Venezuela's state of emergency extended by another 60 days, possibly to last longer
CARACAS, May 15 (Xinhua) -- After living in a state of emergency for four months, Venezuelans learnt Saturday they have to continue this way for another 60 days, and possibly throughout 2017.
After signing a decree for the extension, Venezuelan President Nicolas Maduro said the decision aims to help restore production capacities, provide better protection for the populace, maintain national stability, and uphold peace.
Speaking at a massive gathering of supporters in central Caracas on Saturday, Maduro announced some of the actions to be taken under the decree, which has not yet been published.
"We must take all measures to recover productive capacity, which is being paralyzed by the capitalists," he told the crowd.
He said anyone trying to sabotage the country would be held responsible: They would be expelled from the country or thrown into the prison.
The Venezuelan leader said a day earlier on the national TV that some domestic forces were scheming with foreign ones to stage a coup in the country.
"Washington is activating such procedures...at the request of right-wing forces in Venezuela," he said in the televised speech
Maduro on Saturday also ordered the military to hold war games within a week to counter perceived foreign threats.
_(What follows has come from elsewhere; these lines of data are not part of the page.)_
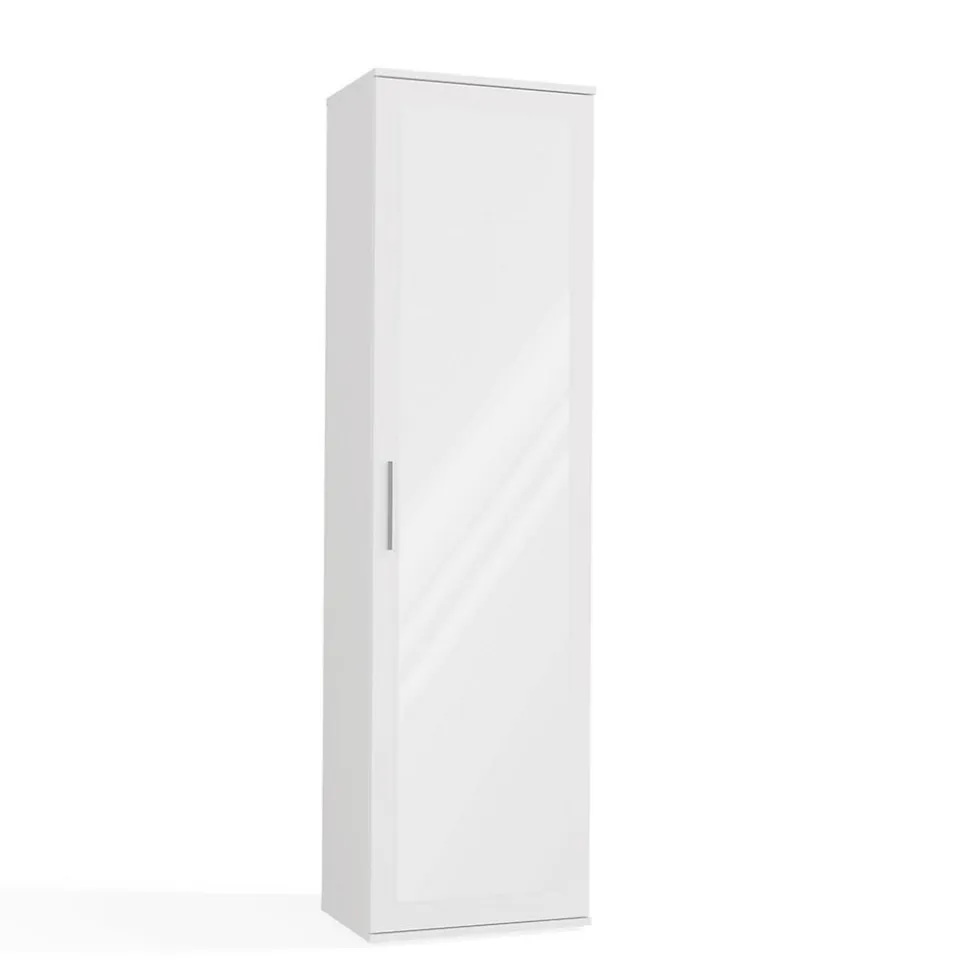 ATARA - Armoire entrée avec grand miroir - 180x50x35 cm - Deux étagères + porte-cintres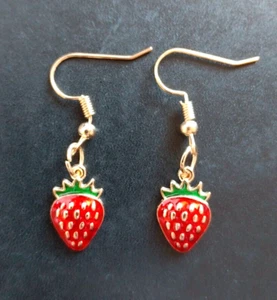 Strawberry Drop Earrings - Picture 1 of 2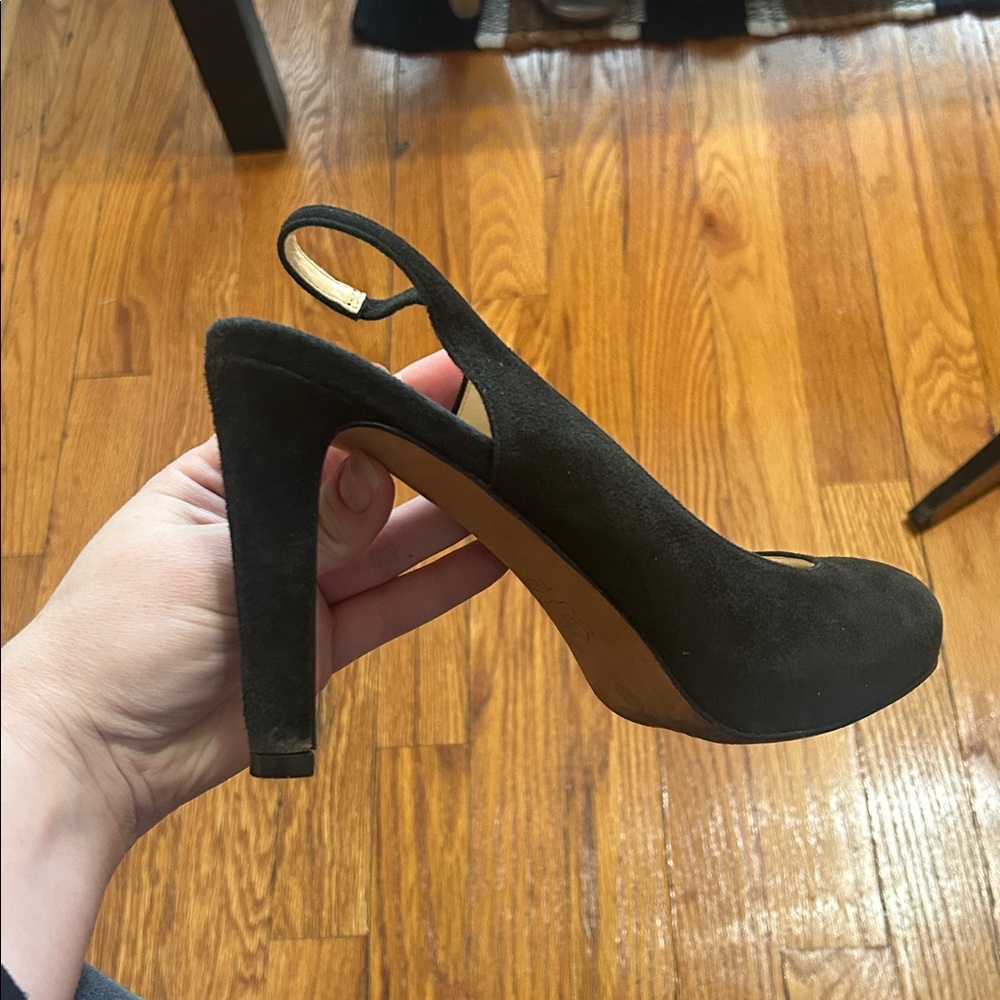 Talbots Suede Black Slingback Women's Heels - Picture 3 of 4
"I have called for military exercises ... to prepare for the defense of our land, our children, our rights to peace." Maduro told his supporters.
The decision to get troops ready for battle came after former Colombian President Alvaro Uribe in an interview on Thursday urged Venezuela's armed forces to take up arms against the state.
When talking about the situation in Venezuela, Uribe, now a Colombian senator, said the Venezuelan military should use their weapons to defend human rights and political freedom, rather than fighting for a dictatorship, local media reported.
Uribe's words were tantamount to foreign intervention in Venezuela, Maduro told the crowd.
On Saturday, Venezuela's Armed Forces issued a statement reaffirming their allegiance to the government, saying they categorically condemn "the systematic campaign orchestrated abroad to discredit and provoke Venezuela."
Venezuela announced a 60-day state of emergency on Jan. 14 amid a soaring inflation and a severe shortage of products.
Its national economy, heavily dependant on oil revenues, shrank 7 percent in 2015 as a result of plunging oil prices, and the annual inflation rate was at around 140 percent.
The government first extended the state of emergency for 60 more days on March 14, as the economic crisis facing the country showed no sign of improvement.
A drought also compounded the difficulties of daily life in the country by drastically slashing electricity supply, since the bulk of the country's electricity is generated by hydropower.
To cope with a worsening electricity shortage, the government introduced a raft of measures in April, including much shorter working hours at government institutions and public agencies and a nationwide rolling blackout.
Such measures have triggered discontent among the public. In the past few days, several cities in the country saw protests and looting of shops and food vans.
Riding on the public anger toward the government, the opposition collected 1.8 million signatures in support of a recall referendum to oust Maduro.
According to Venezuela's constitution, the opposition only needs signatures from 1 percent of the electorate, or 195,721 signatures to call for a referendum.
If these signatures are validated by the National Electoral Council, the opposition will then have three days to collect around 4 million signatures, or 20 percent of the electorate, to proceed with the referendum.